Synthetic biology uses elemental building blocks and an engineering approach to create biological systems for specific uses. For example, DNA may be designed to have the capability of instructing cells to detect disease or perform healing functions. It has a wide range of medical and industrial applications. Although its origins go back as far as the early twentieth century, the field has only become more organized and important in the last ten years or so. It was just last year that one of its biggest breakthroughs occurred. The pharmaceutical firm, Sanolfi, taking advantage of a discovery by Jay Keasling of the University of California, Berkeley, began production of a partially synthetic form of artemisinin, a malaria drug that is usually derived from plants.
As synthetic biology has advanced, a cultural divide in the field has become more evident. On one side sit those who come out of the software design and engineering worlds and advocate for an open-source approach to intellectual property. On the other side are the big traditional pharmaceutical companies that believe that patents and licensing agreements are required to protect the investments they make in developing new drugs.

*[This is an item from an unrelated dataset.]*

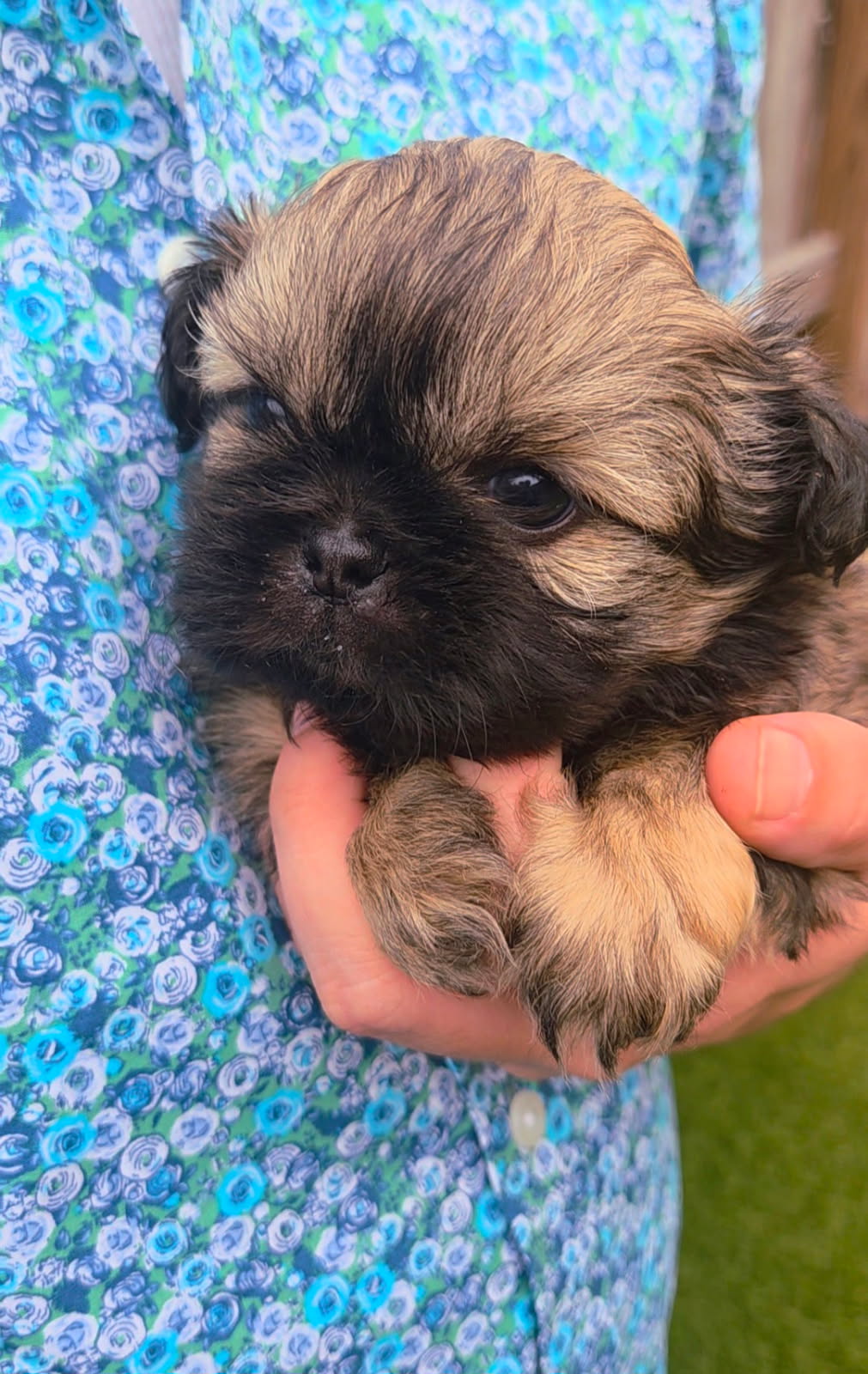 O'Malley — Male AKC Shih Tzu puppy for sale at Aleka Shih Tzu in Texas — photo 7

Ironically, they both claim that their approach encourages innovation. The traditional companies and their representatives such as the Washington, DC-based Biotechnology Industry Organization (BIO) say that strict intellectual property controls are required to motivate companies to make the investments needed that lead to breakthroughs and innovation. The open-source advocates say that the large fees needed to use patented synthetic biology tools hinder innovation. They believe that sharing and cooperation lead to new discoveries and innovation. Some also take an altruistic approach. Linda Kahl, of the non-profit BioBricks Foundation which promotes using biological engineering for the public good says, "It's not just commercial applications. It is also about doing good in the world."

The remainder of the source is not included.